While it appears that the majority takes some comfort from the fact that Steineke consented to the surgery performed at the medical center, the fact is that whatever import the consent form she signed might have as between the medical center and her, it has none as between Share Health Plan and her. Thus, *383under the circumstances, I would hold Share Health Plan liable for all the consequences of its inappropriate insistence that Steineke be transferred to the medical center, including tort damages.
In Wickline v. State, 192 Cal. App. 3d 1630, 228 Cal. Rptr. 661 (1986), republished239 Cal. Rptr. 810, a Medi-Cal recipient sued the State of California for negligent discontinuance of her Medi-Cal eligibility. The plaintiff’s physician sought to extend her hospitalization to 8 days. However, a Medi-Cal utilization reviewer authorized only 4 days. Upon returning home, the plaintiff suffered complications that later required amputation of her leg. Although the state was not held liable due to the physician’s failure to file another request for extension of hospital stay, the court left the door open for claims against third-party payors who make medically inappropriate decisions.

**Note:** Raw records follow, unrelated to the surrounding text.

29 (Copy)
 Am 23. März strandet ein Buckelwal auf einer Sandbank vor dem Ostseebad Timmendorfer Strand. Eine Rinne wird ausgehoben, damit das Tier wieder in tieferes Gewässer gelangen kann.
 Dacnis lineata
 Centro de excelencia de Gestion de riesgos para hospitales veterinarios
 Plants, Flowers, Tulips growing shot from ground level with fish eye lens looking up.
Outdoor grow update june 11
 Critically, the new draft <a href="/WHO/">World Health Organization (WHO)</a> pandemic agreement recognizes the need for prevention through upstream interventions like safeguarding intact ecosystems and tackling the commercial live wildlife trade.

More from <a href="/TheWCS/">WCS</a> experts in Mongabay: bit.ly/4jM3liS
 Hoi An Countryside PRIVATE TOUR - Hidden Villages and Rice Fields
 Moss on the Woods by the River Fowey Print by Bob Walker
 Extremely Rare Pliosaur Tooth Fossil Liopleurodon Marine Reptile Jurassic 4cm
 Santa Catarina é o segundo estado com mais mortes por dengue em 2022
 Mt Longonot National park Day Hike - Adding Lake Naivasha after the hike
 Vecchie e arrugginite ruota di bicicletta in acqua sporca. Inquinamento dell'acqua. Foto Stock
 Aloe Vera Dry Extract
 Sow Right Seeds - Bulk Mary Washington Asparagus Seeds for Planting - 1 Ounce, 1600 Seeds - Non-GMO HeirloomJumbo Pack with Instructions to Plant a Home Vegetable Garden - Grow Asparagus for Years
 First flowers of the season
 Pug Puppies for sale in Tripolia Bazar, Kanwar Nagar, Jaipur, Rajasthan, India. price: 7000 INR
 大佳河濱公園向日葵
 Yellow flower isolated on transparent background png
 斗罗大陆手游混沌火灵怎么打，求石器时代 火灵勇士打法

The patient who requires treatment and who is harmed when care which should have been provided is not provided should recover for the injuries suffered from all those responsible for the deprivation of such care, including, when appropriate, health care payors. Third party payors of health care services can be held legally accountable when medically inappropriate decisions result from defects in the design or implementation of cost containment mechanisms____
Wickline, 192 Cal. App. 3d at 1645, 239 Cal. Rptr. at 819.
Private third-party payors are potentially liable as well. In Wilson v. Blue Cross of Southern Cal., 222 Cal. App. 3d 660, 271 Cal. Rptr. 876 (1990), a private insurer refused to authorize hospitalization for a patient suffering from depression, chemical dependency, and anorexia. The patient subsequently committed suicide. The California Court of Appeal reversed the trial court’s summary judgment in favor of the defendants and held that there was substantial evidence that the insurer’s decision not to approve hospitalization was a substantial factor in bringing about the patient’s demise.
Accordingly, I would reverse the judgment of the district court and remand the cause for further proceedings.
Lanphier, J., joins in this dissent.